Praise Him. What good things He can do.

More Jesus Time:

“This is the confidence we have in approaching G-d: that if we ask anything according to his will, he hears us. And if we know that he hears us – whatever we ask – we know that we have what we asked of him.” – 1 John 5:14-15 (NIV)

So alongside this confidence conversation…


Lord, when I bring my requests before You – You answer them. You answer me. Your word tells me so. You have perfect in Your plans and I want in. I want to be apart and I can have confidence in You that because of Your words – I will be.

Why pray if you aren’t going to believe that it will come to pass? And where does doubt come from anyway?

                       Old Age.

“If you have faith and do not doubt… you can say to this mountain, “Go throw yourself into the sea,’ and it will be done. If you believe, you will receive whatever you ask for in prayer.” – Matthew 21:21-22 (NIV)

G-d, I’ve asked you to show up. I’ve asked you for hearts healed and mindsets changed and I believe You hear me. I know You see me and love me so now all I can do is praise You for what You will do and leave my expectations with You (Psalms 5:3). Teach me to speak Your word over my life and walk into the callings You have for me. Teach me how to love people with all of me. Guide my conversations and fill them with GRACE for I have been shown much. Lord, Create in me a mind that is productive and give me new revelations to give. I want to keep writing and keep commitments and watch You grow me and change me. I have a dream that LORD willing will come to pass but I need Your creativity. I NEED YOU.

((If you don’t show, I’m screwed.)) 

Why are my prayers important? *Because the Lord hears my prayers.

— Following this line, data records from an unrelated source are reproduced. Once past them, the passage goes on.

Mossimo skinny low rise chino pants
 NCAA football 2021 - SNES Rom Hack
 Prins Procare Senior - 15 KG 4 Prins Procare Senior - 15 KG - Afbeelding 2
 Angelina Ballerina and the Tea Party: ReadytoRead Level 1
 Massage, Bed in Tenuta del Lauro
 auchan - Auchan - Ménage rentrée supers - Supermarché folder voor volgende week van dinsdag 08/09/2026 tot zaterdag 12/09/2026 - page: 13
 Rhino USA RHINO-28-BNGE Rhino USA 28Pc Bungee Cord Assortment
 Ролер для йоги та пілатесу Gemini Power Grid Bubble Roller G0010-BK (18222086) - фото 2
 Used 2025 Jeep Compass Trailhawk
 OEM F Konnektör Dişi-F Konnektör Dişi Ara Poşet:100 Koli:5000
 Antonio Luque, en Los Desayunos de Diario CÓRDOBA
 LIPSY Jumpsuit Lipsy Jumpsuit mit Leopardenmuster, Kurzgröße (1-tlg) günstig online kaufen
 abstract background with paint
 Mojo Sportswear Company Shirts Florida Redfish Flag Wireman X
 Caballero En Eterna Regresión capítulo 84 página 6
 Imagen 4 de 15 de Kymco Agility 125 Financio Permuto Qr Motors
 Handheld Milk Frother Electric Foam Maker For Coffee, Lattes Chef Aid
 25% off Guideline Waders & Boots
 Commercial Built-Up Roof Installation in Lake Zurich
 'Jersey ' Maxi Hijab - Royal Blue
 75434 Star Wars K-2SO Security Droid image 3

Why do I pray for my housemates? *Because I get to live out the change with them. It’s a faith builder. I speak live and love into and over them and get to see a harvest of the Lords strength and ultimate plan come forth out of their lives. Some concluding thoughts: If you aren’t praying for your roommates, why the heck not? If you aren’t bringing some expectation to your days, why are you wasting your time living them? That sounds wicked boring… I’ve been there. If you aren’t approaching G-d with confidence then what happened where you stopped seeing Him as faithful? as just? as forgiving? as holy?

I never know who will actually read these or when they will read it or what season they will read it in. But I do pray every time that when and if you do come across this that it will be just what you need. Something to challenge you to expand your faith and draw you to the creators heart. But, these are only words. 

G-d, let me be useful. Let me be open to learning what you need me to and even more than that, let me share what I know with those around me.